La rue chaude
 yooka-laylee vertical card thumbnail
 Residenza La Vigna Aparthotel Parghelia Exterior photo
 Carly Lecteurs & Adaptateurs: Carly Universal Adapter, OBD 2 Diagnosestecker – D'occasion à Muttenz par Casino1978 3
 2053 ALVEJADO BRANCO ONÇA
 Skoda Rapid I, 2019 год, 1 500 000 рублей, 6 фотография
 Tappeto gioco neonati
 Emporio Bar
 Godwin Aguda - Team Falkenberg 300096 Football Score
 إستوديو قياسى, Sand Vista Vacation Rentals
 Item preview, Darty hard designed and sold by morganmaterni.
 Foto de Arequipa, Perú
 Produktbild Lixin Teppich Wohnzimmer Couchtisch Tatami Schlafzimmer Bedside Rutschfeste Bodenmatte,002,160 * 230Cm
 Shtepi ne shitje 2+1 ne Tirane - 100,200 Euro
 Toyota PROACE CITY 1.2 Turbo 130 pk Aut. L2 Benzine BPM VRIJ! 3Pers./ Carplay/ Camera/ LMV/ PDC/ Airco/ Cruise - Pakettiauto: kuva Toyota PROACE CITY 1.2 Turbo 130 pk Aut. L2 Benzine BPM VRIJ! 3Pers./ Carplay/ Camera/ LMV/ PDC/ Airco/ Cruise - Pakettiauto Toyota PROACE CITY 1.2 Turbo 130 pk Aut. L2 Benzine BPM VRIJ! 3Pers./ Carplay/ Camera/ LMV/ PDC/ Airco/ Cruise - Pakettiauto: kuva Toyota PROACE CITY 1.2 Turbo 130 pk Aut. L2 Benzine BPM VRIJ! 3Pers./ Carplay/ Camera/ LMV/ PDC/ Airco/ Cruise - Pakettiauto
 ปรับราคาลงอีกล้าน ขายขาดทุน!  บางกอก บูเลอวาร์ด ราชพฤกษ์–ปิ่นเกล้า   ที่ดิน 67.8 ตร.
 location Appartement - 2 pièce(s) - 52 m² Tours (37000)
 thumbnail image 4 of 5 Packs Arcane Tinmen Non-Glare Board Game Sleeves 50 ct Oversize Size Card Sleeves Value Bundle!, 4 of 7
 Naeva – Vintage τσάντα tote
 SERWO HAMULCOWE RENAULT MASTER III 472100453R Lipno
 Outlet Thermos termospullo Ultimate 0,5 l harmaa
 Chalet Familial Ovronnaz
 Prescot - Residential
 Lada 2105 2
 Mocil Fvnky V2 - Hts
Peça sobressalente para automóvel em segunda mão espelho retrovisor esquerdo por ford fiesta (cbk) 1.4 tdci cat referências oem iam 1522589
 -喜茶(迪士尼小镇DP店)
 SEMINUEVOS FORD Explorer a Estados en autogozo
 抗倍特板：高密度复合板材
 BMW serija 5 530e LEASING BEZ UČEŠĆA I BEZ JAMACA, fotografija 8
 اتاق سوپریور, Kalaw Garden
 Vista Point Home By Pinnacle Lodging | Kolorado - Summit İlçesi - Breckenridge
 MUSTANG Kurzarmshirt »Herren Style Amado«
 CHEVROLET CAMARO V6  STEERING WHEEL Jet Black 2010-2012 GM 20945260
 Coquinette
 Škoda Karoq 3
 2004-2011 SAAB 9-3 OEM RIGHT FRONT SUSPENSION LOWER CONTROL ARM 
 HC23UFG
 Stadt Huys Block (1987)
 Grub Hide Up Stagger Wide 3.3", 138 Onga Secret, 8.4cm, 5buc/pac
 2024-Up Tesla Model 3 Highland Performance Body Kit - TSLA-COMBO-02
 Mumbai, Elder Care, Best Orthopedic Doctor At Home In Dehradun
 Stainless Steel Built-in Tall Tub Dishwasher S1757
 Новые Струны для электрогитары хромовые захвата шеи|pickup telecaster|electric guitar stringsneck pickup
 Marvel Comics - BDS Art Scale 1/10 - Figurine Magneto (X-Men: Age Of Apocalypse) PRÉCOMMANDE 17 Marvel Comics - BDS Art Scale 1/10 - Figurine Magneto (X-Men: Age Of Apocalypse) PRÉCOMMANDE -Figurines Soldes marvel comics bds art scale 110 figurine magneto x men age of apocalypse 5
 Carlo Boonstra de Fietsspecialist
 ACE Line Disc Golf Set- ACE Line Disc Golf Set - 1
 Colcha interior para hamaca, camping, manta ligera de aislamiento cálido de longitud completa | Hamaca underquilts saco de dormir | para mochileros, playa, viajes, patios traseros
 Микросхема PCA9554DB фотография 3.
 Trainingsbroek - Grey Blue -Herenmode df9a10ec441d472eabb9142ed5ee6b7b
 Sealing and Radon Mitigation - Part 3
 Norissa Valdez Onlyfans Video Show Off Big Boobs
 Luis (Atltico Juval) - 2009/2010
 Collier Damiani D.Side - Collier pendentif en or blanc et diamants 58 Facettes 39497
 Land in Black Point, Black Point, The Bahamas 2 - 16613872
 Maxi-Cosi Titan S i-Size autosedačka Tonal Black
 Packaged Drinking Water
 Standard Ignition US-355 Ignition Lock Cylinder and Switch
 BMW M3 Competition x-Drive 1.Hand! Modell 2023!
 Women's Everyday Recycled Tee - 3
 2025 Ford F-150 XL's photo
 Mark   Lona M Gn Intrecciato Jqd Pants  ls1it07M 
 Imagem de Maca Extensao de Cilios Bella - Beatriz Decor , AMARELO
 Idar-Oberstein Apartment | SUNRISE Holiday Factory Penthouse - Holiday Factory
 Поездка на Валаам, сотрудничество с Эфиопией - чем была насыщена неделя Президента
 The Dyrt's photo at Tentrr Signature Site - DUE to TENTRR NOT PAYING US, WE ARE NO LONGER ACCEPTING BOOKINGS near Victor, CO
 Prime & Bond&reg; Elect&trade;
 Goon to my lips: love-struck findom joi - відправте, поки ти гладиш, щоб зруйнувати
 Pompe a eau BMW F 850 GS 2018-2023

------------------------------------------------------------------------

From the entries above, collect every line with the string "photo" in it.

» Task result
 Residenza La Vigna Aparthotel Parghelia Exterior photo
 2025 Ford F-150 XL's photo
 The Dyrt's photo at Tentrr Signature Site - DUE to TENTRR NOT PAYING US, WE ARE NO LONGER ACCEPTING BOOKINGS near Victor, CO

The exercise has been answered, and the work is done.